# Problem details
Pick each line containing "Nissan" out of the records.

# Task data
* * * * * * * * *
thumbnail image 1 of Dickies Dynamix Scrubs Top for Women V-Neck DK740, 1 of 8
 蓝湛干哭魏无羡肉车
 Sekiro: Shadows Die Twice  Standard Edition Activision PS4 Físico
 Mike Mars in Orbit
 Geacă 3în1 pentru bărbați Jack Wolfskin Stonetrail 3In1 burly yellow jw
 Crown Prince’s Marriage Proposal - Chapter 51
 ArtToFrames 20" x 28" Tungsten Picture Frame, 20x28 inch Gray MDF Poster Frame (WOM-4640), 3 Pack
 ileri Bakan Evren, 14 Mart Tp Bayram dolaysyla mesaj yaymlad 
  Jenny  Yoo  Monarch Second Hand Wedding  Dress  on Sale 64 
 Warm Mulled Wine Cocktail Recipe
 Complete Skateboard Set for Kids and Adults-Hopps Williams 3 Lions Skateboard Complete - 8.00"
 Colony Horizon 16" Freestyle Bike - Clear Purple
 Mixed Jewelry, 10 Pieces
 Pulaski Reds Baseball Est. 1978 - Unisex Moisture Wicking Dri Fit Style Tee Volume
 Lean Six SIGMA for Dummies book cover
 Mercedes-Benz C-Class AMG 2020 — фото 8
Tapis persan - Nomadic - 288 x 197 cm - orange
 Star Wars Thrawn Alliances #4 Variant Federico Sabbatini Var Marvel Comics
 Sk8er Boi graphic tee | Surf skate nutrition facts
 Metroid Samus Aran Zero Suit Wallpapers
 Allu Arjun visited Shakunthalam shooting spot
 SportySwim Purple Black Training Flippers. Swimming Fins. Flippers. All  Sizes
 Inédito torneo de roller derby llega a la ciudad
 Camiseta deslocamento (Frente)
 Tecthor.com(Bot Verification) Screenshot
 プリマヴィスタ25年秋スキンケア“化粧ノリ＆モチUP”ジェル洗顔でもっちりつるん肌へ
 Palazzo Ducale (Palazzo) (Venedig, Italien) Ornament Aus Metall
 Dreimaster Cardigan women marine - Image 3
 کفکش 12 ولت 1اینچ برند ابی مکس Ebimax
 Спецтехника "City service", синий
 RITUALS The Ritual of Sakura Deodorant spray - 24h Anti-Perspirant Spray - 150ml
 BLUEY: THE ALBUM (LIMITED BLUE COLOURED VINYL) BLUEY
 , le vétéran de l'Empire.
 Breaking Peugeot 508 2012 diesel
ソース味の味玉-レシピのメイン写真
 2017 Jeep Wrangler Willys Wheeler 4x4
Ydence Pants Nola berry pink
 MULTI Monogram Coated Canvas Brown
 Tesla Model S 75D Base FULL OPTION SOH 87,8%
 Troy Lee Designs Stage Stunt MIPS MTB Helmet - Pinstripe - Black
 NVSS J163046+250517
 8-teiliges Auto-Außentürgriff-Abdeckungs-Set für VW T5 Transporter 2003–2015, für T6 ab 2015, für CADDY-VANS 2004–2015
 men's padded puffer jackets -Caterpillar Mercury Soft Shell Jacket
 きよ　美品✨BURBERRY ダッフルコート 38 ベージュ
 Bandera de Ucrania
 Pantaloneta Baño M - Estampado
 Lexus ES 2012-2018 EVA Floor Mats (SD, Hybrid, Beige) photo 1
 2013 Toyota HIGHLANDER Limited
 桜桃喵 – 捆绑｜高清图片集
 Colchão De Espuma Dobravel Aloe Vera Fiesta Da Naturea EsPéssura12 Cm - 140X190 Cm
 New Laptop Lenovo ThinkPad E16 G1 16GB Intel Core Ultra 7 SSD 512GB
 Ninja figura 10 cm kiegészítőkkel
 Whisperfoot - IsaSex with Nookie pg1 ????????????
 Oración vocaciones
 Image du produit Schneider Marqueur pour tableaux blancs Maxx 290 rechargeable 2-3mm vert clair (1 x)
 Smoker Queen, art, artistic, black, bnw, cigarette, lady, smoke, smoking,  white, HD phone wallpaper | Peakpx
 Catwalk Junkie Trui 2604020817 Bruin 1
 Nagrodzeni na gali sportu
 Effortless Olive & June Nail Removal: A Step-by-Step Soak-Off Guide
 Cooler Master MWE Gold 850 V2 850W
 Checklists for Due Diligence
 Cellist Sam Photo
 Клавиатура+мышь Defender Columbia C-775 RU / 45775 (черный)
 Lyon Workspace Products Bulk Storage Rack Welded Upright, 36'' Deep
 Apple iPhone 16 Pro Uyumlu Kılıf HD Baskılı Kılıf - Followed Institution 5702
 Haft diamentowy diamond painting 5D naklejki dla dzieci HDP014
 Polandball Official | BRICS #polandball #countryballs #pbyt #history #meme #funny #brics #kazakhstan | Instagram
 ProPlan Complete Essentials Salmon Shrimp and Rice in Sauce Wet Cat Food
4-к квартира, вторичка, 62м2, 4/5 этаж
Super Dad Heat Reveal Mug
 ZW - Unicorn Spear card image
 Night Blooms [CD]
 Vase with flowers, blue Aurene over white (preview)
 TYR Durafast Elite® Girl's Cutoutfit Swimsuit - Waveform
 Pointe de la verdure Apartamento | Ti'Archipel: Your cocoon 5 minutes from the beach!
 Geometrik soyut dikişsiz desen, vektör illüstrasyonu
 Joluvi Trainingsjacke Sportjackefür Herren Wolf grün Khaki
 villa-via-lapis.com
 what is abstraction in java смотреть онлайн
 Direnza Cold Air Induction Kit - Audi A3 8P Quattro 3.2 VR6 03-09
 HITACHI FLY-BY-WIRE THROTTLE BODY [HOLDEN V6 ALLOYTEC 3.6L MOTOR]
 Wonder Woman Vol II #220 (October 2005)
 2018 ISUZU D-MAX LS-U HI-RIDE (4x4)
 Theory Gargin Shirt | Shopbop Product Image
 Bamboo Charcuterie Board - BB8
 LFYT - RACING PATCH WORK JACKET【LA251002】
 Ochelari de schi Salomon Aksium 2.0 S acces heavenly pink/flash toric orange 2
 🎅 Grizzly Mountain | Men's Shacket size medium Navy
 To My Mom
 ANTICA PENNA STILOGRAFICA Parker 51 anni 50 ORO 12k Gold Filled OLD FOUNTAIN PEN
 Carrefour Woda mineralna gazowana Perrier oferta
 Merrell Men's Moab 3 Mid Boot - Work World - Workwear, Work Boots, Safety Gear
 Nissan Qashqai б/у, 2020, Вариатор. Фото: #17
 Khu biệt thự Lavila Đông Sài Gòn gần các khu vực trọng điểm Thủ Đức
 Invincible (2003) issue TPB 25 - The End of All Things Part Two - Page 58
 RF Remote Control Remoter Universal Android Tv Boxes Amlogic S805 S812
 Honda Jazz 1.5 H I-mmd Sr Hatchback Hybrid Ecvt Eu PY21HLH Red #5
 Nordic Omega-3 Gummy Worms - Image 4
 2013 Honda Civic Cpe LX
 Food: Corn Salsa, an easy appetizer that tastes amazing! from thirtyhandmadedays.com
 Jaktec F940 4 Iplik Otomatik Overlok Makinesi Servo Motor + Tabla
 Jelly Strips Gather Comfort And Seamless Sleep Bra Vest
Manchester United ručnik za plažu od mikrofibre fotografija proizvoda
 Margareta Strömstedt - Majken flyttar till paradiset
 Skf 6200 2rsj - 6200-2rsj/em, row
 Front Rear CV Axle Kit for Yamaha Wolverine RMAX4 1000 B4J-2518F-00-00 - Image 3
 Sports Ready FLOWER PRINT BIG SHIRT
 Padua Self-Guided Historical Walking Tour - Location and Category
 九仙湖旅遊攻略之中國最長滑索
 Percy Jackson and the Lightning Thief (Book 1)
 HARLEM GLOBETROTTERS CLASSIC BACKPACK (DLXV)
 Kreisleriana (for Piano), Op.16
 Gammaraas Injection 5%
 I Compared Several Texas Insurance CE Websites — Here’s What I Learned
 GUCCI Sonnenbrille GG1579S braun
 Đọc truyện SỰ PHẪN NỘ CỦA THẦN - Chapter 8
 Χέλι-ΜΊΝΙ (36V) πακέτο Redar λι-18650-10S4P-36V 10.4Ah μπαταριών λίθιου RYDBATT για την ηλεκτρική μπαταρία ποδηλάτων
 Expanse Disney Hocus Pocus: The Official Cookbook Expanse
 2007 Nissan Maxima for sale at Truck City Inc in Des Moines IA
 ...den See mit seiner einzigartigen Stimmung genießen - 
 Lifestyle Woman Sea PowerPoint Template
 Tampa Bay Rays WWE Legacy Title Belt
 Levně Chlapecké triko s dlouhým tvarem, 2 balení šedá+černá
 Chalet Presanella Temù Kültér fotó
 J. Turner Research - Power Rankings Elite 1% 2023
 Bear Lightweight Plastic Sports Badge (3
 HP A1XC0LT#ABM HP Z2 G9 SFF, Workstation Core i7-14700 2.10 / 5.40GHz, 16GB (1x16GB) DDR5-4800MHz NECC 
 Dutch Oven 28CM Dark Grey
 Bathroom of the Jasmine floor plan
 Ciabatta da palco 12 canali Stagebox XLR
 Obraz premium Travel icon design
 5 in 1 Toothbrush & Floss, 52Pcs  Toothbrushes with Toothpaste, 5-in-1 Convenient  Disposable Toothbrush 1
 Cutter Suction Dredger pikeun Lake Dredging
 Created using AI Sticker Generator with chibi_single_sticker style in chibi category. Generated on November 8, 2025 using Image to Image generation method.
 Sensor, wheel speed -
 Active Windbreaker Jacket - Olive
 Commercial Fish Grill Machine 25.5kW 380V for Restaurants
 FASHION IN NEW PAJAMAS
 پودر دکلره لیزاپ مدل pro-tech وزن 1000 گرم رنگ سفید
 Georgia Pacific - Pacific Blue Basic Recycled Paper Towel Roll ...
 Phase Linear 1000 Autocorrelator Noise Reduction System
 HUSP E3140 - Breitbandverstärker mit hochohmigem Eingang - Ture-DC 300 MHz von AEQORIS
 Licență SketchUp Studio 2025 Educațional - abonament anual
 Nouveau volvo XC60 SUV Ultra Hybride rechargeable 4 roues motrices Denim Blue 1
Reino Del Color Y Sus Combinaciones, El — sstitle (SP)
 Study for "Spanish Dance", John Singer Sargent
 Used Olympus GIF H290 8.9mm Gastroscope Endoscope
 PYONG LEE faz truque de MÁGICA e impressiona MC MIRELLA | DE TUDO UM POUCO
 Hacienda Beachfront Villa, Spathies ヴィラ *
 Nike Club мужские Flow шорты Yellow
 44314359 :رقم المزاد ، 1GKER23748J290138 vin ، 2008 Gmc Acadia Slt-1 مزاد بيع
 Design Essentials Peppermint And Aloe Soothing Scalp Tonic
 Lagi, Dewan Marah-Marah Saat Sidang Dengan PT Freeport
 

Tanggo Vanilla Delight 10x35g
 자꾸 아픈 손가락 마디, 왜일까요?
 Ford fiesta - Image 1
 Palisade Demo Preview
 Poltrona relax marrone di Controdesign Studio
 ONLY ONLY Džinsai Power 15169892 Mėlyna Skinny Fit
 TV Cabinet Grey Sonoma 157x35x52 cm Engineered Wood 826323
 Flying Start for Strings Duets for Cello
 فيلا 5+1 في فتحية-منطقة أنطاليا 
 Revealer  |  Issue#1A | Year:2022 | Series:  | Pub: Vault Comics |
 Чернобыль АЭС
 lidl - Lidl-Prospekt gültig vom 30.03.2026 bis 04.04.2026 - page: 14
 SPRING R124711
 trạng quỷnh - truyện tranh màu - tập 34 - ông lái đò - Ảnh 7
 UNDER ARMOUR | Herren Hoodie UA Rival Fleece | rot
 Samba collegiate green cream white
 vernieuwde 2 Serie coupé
* * * * * * * * *
# Response below
 Nissan Qashqai б/у, 2020, Вариатор. Фото: #17
 2007 Nissan Maxima for sale at Truck City Inc in Des Moines IA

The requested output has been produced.